The current findings raise other potential limitations and suggestions for future research. In the present study, response times, which are typically slower and more variable (Dinstein et al., 2012) in ASD groups, were used as the primary variable indicating motor performance. Although RTs of both ASD and TD groups were shorter following an immediate effect (compared to no-effect), future work may also consider using other measures for motor performance. For example, previous work using an endpoint movement task demonstrated that temporally contiguous (compared to delayed) action-effect improved movement’s endpoint precision (Karsh et al., 2023). These kinds of tasks are less dependent on participants’ response time tendency and enable examining movement kinematics in addition to motor outcomes. Finally, it should also be considered that the attenuated impact of action-effect temporal contiguity on motor response selection in ASD may characterize a perceptual system that atypically processes temporal information (for a review, see Casassus et al., 2019) rather than a general alternation in motor-based evaluation of sensorimotor predictions. This can be examined in a future study by manipulating action-effect spatial predictability instead of temporal contiguity (Karsh et al., 2016; Exp. 2). Finally, the study procedure and requirements challenged our ability to include a larger sample of ASD participants from different levels of functioning.
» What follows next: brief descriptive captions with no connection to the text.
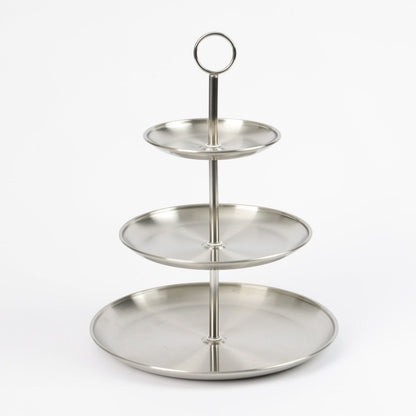 3 Level Shelf Stainless Steel Serving Dish Grand Standard Snacks and Pastries - Afanaya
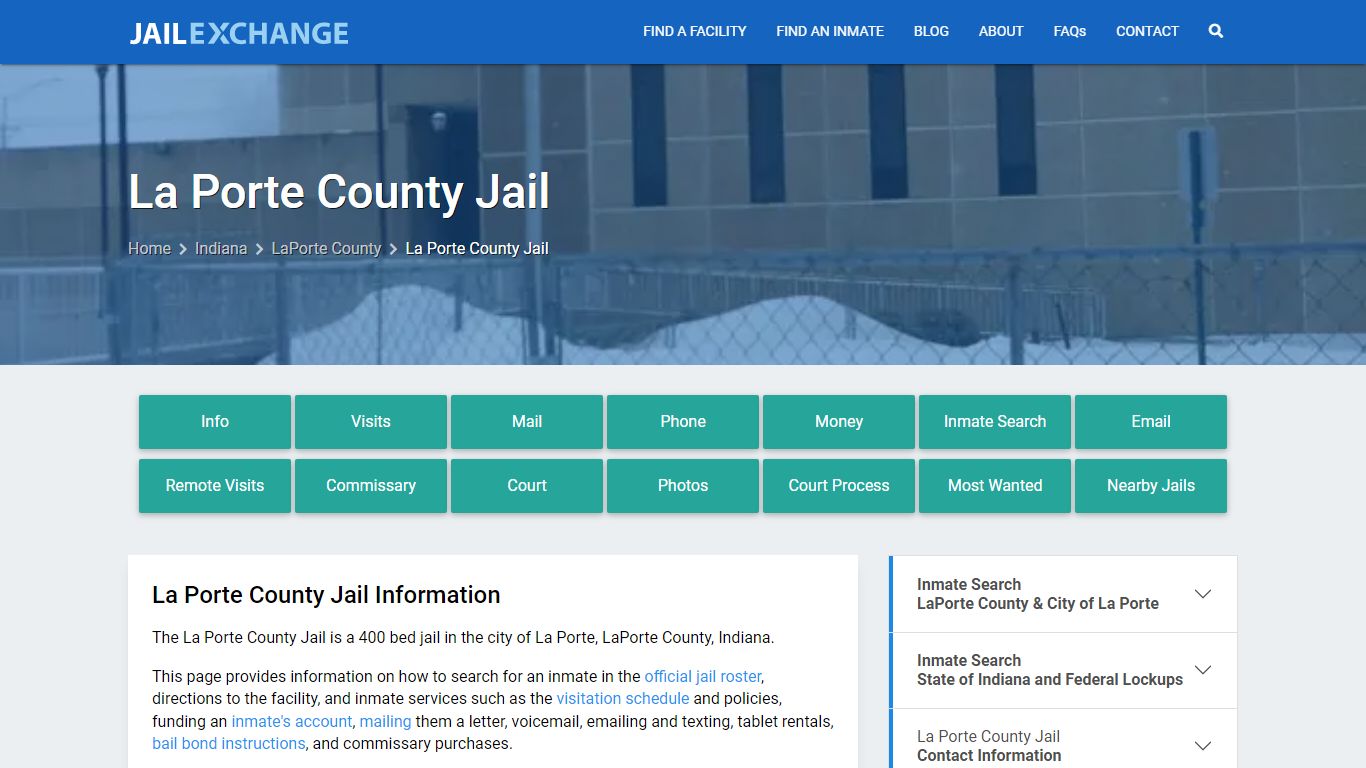 La Porte County Jail, IN Inmate Search, Information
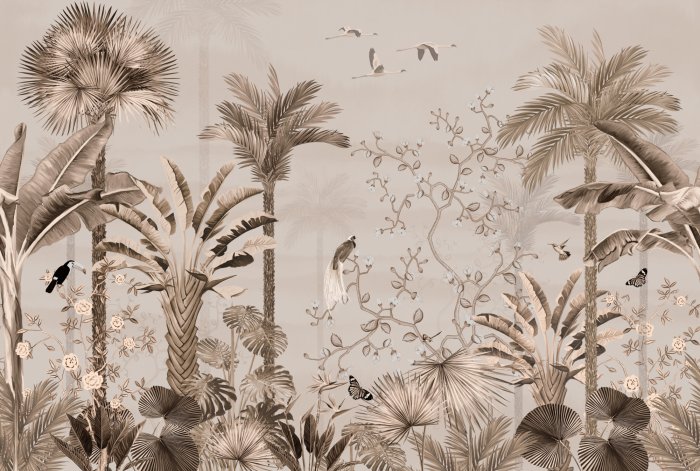Fototapete Palmen und Vögel im tropischen Dschungel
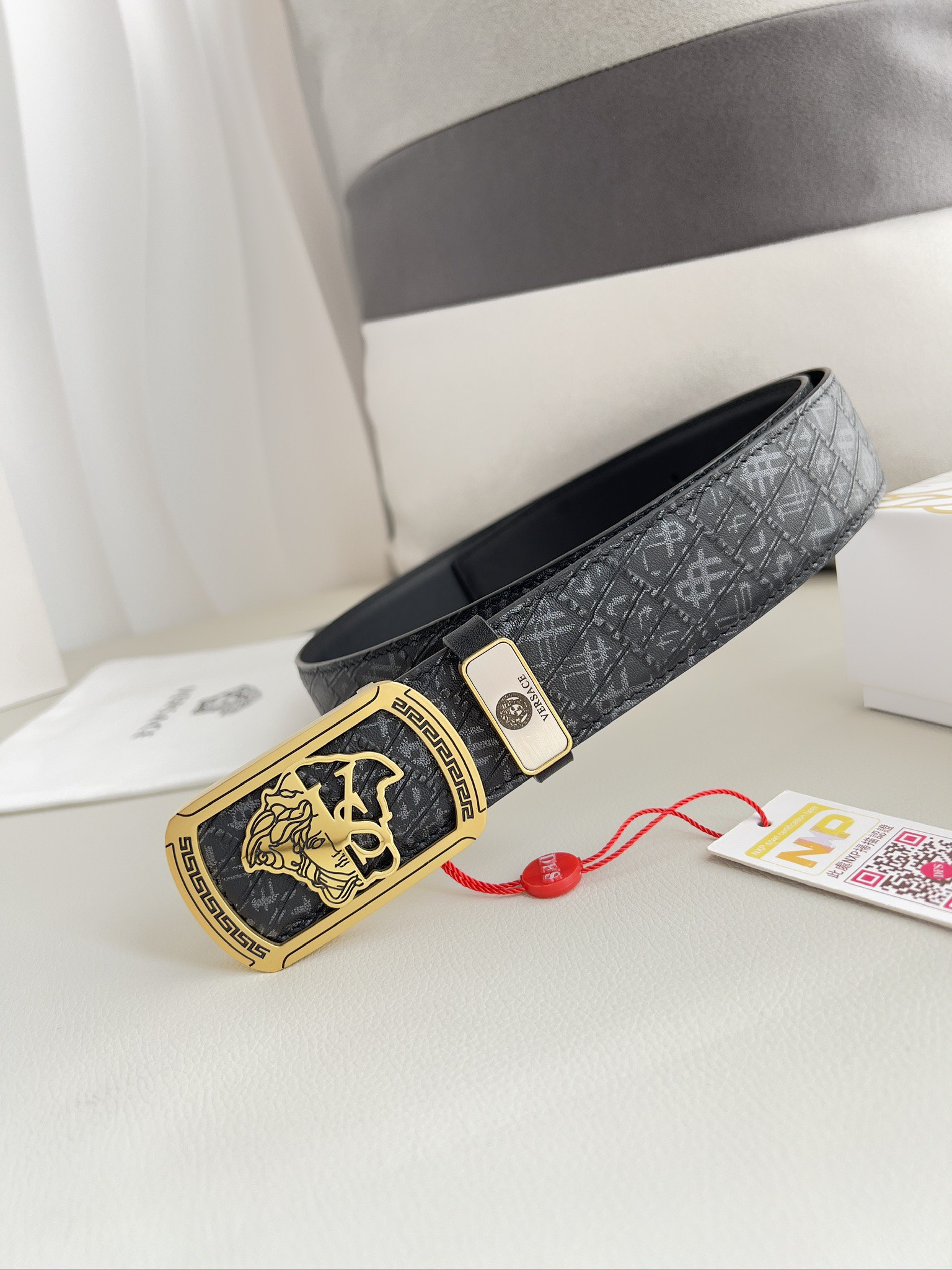 【VERSACE】(ヴェルサーチ) 3.8cmベルト メンズ 24706-BRAND OFF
Future work is encouraged to use a larger sample of participants with varying levels of functioning and sensory symptoms, which may interact with action-effect delay to impact motor performance.

Conclusions

The study integrates previous work in the perceptual and motor domains to provide novel insights on how such atypical sensory processing of an own-action effect can be related to motor performance in ASD. Specifically, the current work is the first to study the impact of action-effect and its temporal contiguity on motor performance in ASD. Like TD individuals, the motor performance of individuals diagnosed with ASD benefited from action’s immediate perceptual feedback. However, in contrast to TD individuals, the motor performance of individuals with ASD was uniformly influenced by negligible and significant action-effect delays. The findings align with the reduced perceptual specialization account in ASD, suggesting that sensory perception is less flexible to account for statistical regularities in an ecological manner. The present study supports that part of the etiology of the motor symptoms often accompanying ASD is related to sensory perception of an own-action effect.